21 September 2010

Seeing the Light

At the Albuquerque Journal, John Fleck has an excellent piece on technological advances in lighting technology and Jevons Paradox.  Here is an excerpt:
Jeff Tsao's 1999 white paper on the case for next-generation, super-efficient light bulbs makes a point so obvious that it seems to require no explanation.

A solid-state light bulb that uses half the electricity of conventional bulbs would cut lighting-related energy consumption in half, right?

"The worldwide amount of electricity consumed by lighting would decrease by more than 50 percent," the Sandia Labs researcher and his colleagues wrote, "and total worldwide consumption of electricity would decrease by more than 10 percent."

A decade later, Tsao's thinking has evolved.

In a new paper, a team led by Tsao has drawn international attention by arguing that, instead of leading to reduced energy consumption, super-efficient bulbs may instead lead to people simply using more light.
What is this?  Advances in efficiency might presage greater energy consumption?!

That is right.  Fleck explains:
To understand why, take a trip to the villages in rural Costa Rica where Michael Fark has been working.

Fark heads a Canadian nonprofit called Lighting Up The World, which has been trying to get the super-efficient light bulbs developed by people like Tsao into the hands of the people who need them most.
There, one- or two-room clay brick houses are usually lit by candles or kerosene lamps.
It is lousy light by our standards, barely enough for the young Costa Ricans to do evening schoolwork after a day of helping in the fields. But that light, dim as it may be, is so precious that families spend up to 30 percent of their cash flow on candles or kerosene for a few hours of light per day, according to Fark.
Give the Costa Rican farm families a more efficient way to light their homes, as Fark's organization is doing, and they will choose to consume more light, not less energy.
Multiply their predicament by some 2 billion people in poverty around the world, and you enter the counterintuitive world of "the Jevons paradox."
Here is how I described Jevons Paradox one year ago:
The paradox was described in 1865 by William Stanley Jevons as follows:
It is wholly a confusion of ideas to suppose that the economical use of fuel is equivalent to a diminished consumption. The very contrary is the truth.
As a rule, new modes of economy will lead to an increase of consumption according to a principle recognised in many parallel instances. . .

Now the same principles apply, with even greater force and distinctness, to the use of such a general agent as coal. It is the very economy of its use which leads to its extensive consumption. It has been so in the past, and it will be so in the future. Nor is it difficult to see how this paradox arises. . .

And if economy in the past has been the main source of our progress and growing consumption of coal, the same effect will follow from the same cause in the future. Economy multiplies the value and efficiency of our chief material; it indefinitely increases our wealth and means of subsistence, and leads to an extension of our population, works, and commerce, which is gratifying in the present, but must lead to an earlier end. Economical inventions are what I should look forward to as likely to continue our rate of increasing consumption.
Some people have suggested that Jevons Paradox means that efforts to become more efficient are misguided. Others, seeing such arguments being made have tried to claim that Jevons Paradox actually does not exist. Both lines of argument are badly misguided.

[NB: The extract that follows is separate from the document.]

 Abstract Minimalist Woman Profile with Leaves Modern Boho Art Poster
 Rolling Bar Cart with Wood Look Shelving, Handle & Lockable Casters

Jevons Paradox is very real. It tells us that increasing efficiency is necessary if we are to met energy needs, because those energy needs will continue to grow even in the face of rapid growth in efficiency. Thus, the practical consequences of the paradox are that we need to become more efficient and we need more energy, all at once. How efficient we can become will of course influence the amount of energy that we need, so improving efficiency is a worthy goal. But no one should imagine that efficiency gains alone can eliminate the need for more energy -- they can't and they won't. Policy needs to be able to focus on advancing efficiencies and creating ever greater sources of energy.